In che senso l'esistenzialismo è un umanesimo? “L'uomo è costantemente fuori di se stesso; solo progettandosi e perdendosi fuori di sé egli fa esistere l'uomo e, d'altra parte, solo perseguendo fini trascendenti, egli può esistere; l'uomo, essendo questo superamento e non cogliendo gli oggetti che in relazione a questo superamento, è al cuore, al centro di questo superamento. Non c'è altro universo che un universo umano, l'universo della soggettività umana. Questa connessione fra la trascendenza come costitutiva dell'uomo, – non nel senso che si dà alla parola quando si dice che Dio è trascendente, ma nel senso dell'oltrepassamento, – e la soggettività, – nel senso che l'uomo non è chiuso in se stesso, ma sempre presente in un universo umano, – è quello che noi chiamiamo umanismo esistenzialista. Umanismo, perché noi ricordiamo all'uomo che non c'è altro legislatore che lui e che proprio nell'abbandono egli deciderà di se stesso; e perché noi mostriamo che, non nel rivolgersi verso se stesso, ma sempre cercando fuori di sé uno scopo, -- che è quella liberazione, quell'attuazione particolare, -- l'uomo si realizzerà precisamente come umano”.

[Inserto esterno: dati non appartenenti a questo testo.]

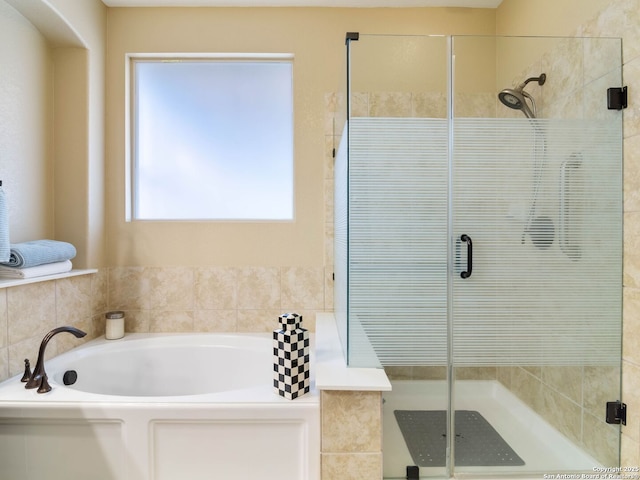 bathroom with separate shower and tub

Sartre ammise che l'antitesi tra libertà assoluta e malafede altrettanto assoluta gli era stata suggerita dal clima di guerra, in cui non sembrava possibile altra alternativa se non quella tra “essere con” e “essere contro”. Dopo la guerra giunse l'esperienza vera, quella della società, vale a dire l'esperienza di una realtà complessa senza antitesi chiare né semplici alternative, in cui esisteva un ambiguo rapporto tra situazione data e iniziativa libera, tra scelta e condizionamento. In una intervista alla “New Left Review” del 1969, Sartre darà la seguente definizione di libertà: “La libertà è quel piccolo movimento che fa di un essere sociale completamente condizionato una persona che non si limita a ri-esteriorizzare nella sua totalità il condizionamento che ha sofferto”. Nonostante questa riduttiva definizione di libertà, Sartre non rinuncia ad alcuni temi fondamentali della sua filosofia precedente. La libertà continua a essere il centro della sua problematica. Nel 1974, sei anni prima di morire, nelle conversazioni pubblicate con il titolo Ribellarsi è giusto, afferma che l'uomo può essere alienato e reificato appunto perché è libero, perché non è una cosa, neppure una cosa particolarmente complessa. Gli uomini non coincidono mai integralmente con i loro fattori di condizionamento; se così fosse, di fatto non si potrebbe neppure parlare dei suoi condizionamenti. Un robot non potrebbe mai essere oppresso. Le alienazioni rinviano alla libertà.